We'll clean up the data by converting it into data types that are easier to work with for our purposes

In [6]:
def float_to_int(df):
    '''
    Converts our fips, bedrooms, calculatedfinishedsquarefeet, taxvaluedollarcnt, and yearbuilt from floats to integers
    '''
# converts our fips, bedrooms, calculatedfinishedsquarefeet, taxvaluedollarcnt, and yearbuilt from floats to integers
    df["fips"] = df["fips"].astype(int)
    df["yearbuilt"] = df["yearbuilt"].astype(int)
    df["bedroomcnt"] = df["bedroomcnt"].astype(int)
    df["taxvaluedollarcnt"] = df["taxvaluedollarcnt"].astype(int)
    df["calculatedfinishedsquarefeet"] = df["calculatedfinishedsquarefeet"].astype(int)
    
    return df

In [7]:
def clean_zillow(df):
    '''
    Groups our functions used to clean up our data into a single function for ease of use
    '''
    
    df = handle_nulls(df)
    df = float_to_int(df)
    
    return df

In [8]:
def split_zillow(df):
    '''
    Takes our df and splits it into train, validate, and test dfs for exploration, fitting, validation, and testing
    '''
    
# splits the full data set 60/40 into train and test dataframes stratified 
# around taxvaluedollarcnt, the target variable, using the train_test_split function
    train, test = train_test_split(df, 
                               train_size = 0.75, 
                               stratify = df.fips, 
                               random_state=2468)

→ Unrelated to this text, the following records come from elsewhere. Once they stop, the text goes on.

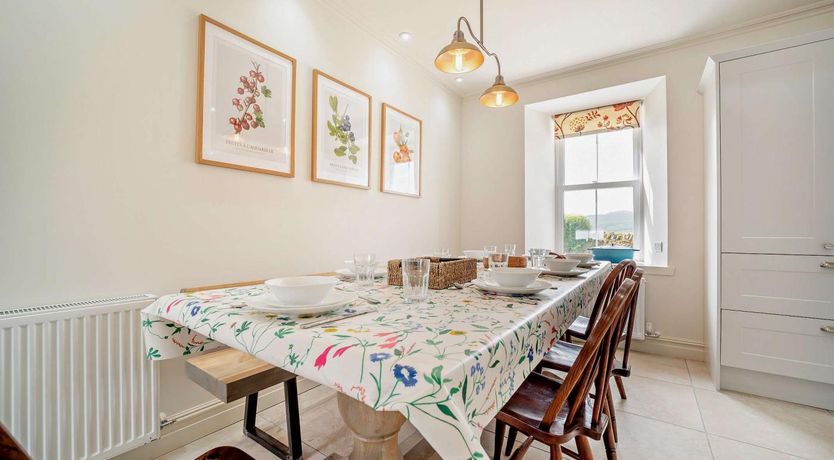 Photo of 4 Bed in Campbeltown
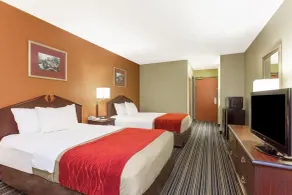 Lux Hotel - Rum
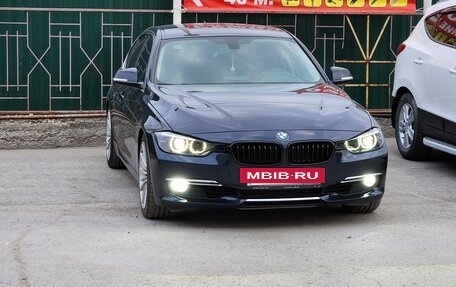 BMW 3 серия, 2012 год, 1 900 000 рублей, 3 фотография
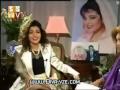 Vidéo clip Shft Al-Qmr - Samira Said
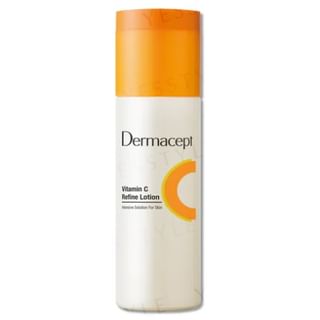 Rohto Mentholatum - Dermacept Vitamin C Refine Lotion, 150ml, 180 g, 4987241189229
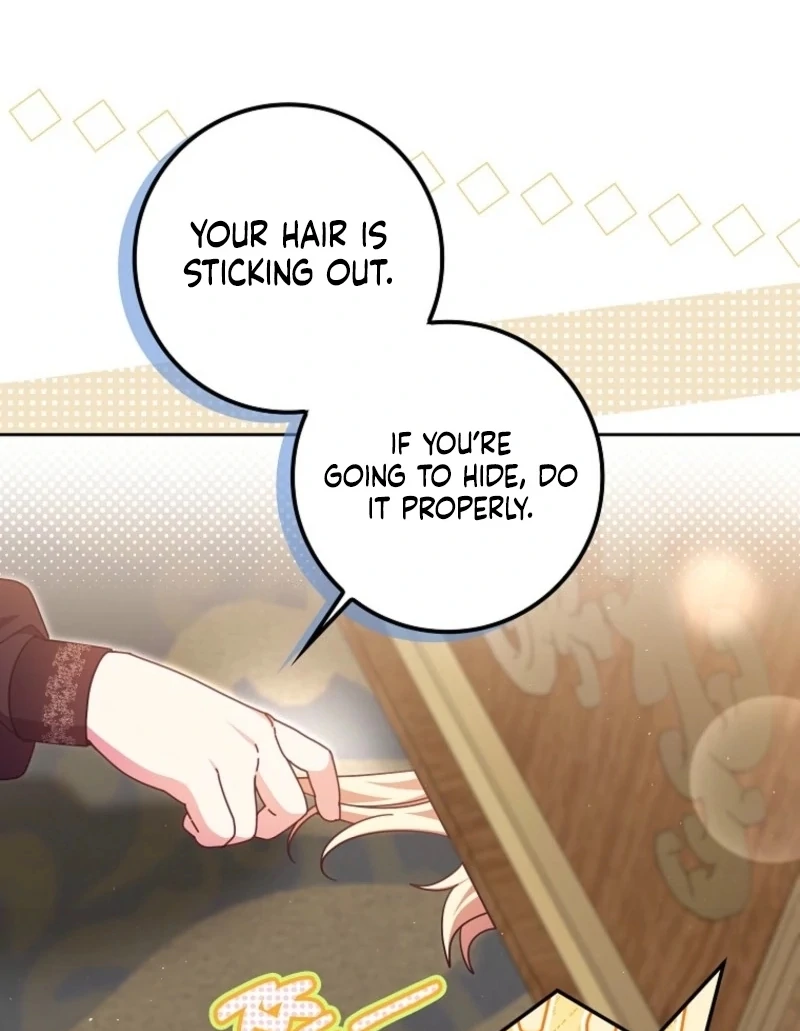 The Foreign Object was Me chapter 43 page 79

# splits the train dataframe 60/40 into the new train and validate dataframes
# they're stratified around taxvaluedollarcnt again using the train_test_split function
    train, validate = train_test_split(train,
                                    train_size = 0.75,
                                    stratify = train.fips,
                                    random_state=2468)
    
# returns the three dataframes we'll use for training, validation, and testing
    return train, validate, test

5. Scaling Numeric Data - Based on the work you've done, choose a scaling method for your dataset. Write a function within your prepare.py (wrangle.py for me) that accepts as input the train, validate, and test data splits, and returns the scaled versions of each. Be sure to only learn the parameters for scaling from your training data!

In [1]:
def scale_zillow(train, validate, test,
                 cols_to_scale = ['bedroomcnt', 'bathroomcnt', 'calculatedfinishedsquarefeet', 'taxvaluedollarcnt']):
    '''
    Accepts train, valide, and test as inputs from split data then returns scaled versions for each one
    '''
    train_scaled = train.copy()
    validate_scaled = validate.copy()
    test_scaled = test.copy()
    
    scaler = MinMaxScaler()
    
    scaler.fit(train[cols_to_scale])
    
    train_scaled[cols_to_scale] = pd.DataFrame(scaler.transform(train[cols_to_scale]), columns=train[cols_to_scale].columns.values).set_index([train.index.values])
                                                  
    validate_scaled[cols_to_scale] = pd.DataFrame(scaler.transform(validate[cols_to_scale]), columns=validate[cols_to_scale].columns.values).set_index([validate.index.values])
    
    test_scaled[cols_to_scale] = pd.DataFrame(scaler.transform(test[cols_to_scale]), columns=test[cols_to_scale].columns.values).set_index([test.index.values])
    
    return train_scaled, validate_scaled, test_scaled

3. Acquisition and Prep - Store all of the necessary functions to automate your process from acquiring the data to returning a cleaned dataframe witn no missing values in your wrangle.py file. Name your final function wrangle_zillow

In [9]:
def wrangle_zillow():
    '''
    Function that acquires zillow data using the new_zillow_data function and 
    caches it, as a csv file, if there isn't already a local copy
    '''
    df = get_zillow_data()
    df = clean_zillow(df)
    train, validate, test = split_zillow(df)
    
    return train, validate, test